*** DATA PROVIDED ***
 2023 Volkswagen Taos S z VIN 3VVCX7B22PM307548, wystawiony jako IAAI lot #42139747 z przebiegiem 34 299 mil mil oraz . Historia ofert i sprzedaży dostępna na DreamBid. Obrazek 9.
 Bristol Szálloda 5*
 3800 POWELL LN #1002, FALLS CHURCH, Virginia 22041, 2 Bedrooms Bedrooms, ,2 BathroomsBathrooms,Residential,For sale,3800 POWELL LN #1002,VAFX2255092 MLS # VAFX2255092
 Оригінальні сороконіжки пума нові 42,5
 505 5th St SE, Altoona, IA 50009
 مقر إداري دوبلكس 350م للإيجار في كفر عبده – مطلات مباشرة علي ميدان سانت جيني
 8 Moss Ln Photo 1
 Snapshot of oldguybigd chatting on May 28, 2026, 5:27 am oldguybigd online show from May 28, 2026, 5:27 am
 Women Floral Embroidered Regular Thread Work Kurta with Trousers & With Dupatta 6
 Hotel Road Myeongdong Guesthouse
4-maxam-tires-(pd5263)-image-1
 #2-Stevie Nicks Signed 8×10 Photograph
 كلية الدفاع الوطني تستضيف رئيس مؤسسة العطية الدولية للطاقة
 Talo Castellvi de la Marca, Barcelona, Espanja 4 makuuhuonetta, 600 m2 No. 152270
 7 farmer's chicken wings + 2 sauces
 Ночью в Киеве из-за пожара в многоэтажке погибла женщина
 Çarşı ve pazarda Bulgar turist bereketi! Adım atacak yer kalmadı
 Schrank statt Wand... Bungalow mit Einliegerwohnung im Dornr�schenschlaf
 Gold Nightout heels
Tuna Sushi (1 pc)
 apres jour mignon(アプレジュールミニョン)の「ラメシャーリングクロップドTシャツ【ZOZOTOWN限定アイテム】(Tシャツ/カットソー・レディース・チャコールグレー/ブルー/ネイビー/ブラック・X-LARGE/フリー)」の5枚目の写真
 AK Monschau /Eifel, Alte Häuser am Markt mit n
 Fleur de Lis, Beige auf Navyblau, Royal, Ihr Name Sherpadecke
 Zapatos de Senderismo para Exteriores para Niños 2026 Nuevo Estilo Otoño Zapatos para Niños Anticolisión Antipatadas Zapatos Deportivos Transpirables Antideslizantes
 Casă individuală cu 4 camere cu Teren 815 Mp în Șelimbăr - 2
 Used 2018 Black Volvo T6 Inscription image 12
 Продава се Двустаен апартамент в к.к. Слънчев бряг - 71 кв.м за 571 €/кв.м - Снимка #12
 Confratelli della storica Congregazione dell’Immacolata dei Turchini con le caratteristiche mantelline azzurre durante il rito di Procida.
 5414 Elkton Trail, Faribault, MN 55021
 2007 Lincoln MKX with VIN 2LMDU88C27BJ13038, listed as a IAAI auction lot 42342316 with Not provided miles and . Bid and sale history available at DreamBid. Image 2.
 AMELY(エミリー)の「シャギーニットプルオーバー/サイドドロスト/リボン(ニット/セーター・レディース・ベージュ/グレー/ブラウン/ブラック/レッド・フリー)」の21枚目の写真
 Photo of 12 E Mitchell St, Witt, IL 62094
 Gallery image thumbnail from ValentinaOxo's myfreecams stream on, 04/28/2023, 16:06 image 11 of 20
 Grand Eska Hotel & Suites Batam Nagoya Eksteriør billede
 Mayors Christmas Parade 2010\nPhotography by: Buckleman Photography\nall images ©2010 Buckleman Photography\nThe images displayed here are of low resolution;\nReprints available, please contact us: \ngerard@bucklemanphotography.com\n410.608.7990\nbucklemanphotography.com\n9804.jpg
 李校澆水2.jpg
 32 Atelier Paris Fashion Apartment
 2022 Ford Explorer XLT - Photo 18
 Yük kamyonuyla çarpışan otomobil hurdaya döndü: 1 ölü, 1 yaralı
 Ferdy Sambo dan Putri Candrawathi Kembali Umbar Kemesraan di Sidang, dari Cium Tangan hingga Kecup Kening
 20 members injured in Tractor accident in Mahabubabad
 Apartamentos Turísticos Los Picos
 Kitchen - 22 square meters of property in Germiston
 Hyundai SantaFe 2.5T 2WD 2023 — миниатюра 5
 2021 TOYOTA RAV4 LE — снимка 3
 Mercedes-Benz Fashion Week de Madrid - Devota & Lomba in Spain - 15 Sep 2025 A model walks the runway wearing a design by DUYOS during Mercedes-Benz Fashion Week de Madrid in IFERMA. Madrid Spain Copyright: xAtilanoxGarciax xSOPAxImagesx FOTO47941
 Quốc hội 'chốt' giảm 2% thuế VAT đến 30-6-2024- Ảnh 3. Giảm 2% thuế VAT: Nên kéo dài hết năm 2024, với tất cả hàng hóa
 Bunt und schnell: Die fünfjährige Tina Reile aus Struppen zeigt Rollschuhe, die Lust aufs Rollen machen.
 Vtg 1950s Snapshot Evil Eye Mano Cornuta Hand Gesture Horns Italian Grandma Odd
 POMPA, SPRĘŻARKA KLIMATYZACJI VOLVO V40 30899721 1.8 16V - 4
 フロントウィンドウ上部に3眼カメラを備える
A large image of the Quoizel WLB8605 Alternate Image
*** End of DATA PROVIDED ***
**WORK REQUIRED**
Quote only the lines from the one containing "20 members injured" through the final line of the records, with both ends included.

**OUTPUT FOR THIS EXERCISE**
 20 members injured in Tractor accident in Mahabubabad
 Apartamentos Turísticos Los Picos
 Kitchen - 22 square meters of property in Germiston
 Hyundai SantaFe 2.5T 2WD 2023 — миниатюра 5
 2021 TOYOTA RAV4 LE — снимка 3
 Mercedes-Benz Fashion Week de Madrid - Devota & Lomba in Spain - 15 Sep 2025 A model walks the runway wearing a design by DUYOS during Mercedes-Benz Fashion Week de Madrid in IFERMA. Madrid Spain Copyright: xAtilanoxGarciax xSOPAxImagesx FOTO47941
 Quốc hội 'chốt' giảm 2% thuế VAT đến 30-6-2024- Ảnh 3. Giảm 2% thuế VAT: Nên kéo dài hết năm 2024, với tất cả hàng hóa
 Bunt und schnell: Die fünfjährige Tina Reile aus Struppen zeigt Rollschuhe, die Lust aufs Rollen machen.
 Vtg 1950s Snapshot Evil Eye Mano Cornuta Hand Gesture Horns Italian Grandma Odd
 POMPA, SPRĘŻARKA KLIMATYZACJI VOLVO V40 30899721 1.8 16V - 4
 フロントウィンドウ上部に3眼カメラを備える
A large image of the Quoizel WLB8605 Alternate Image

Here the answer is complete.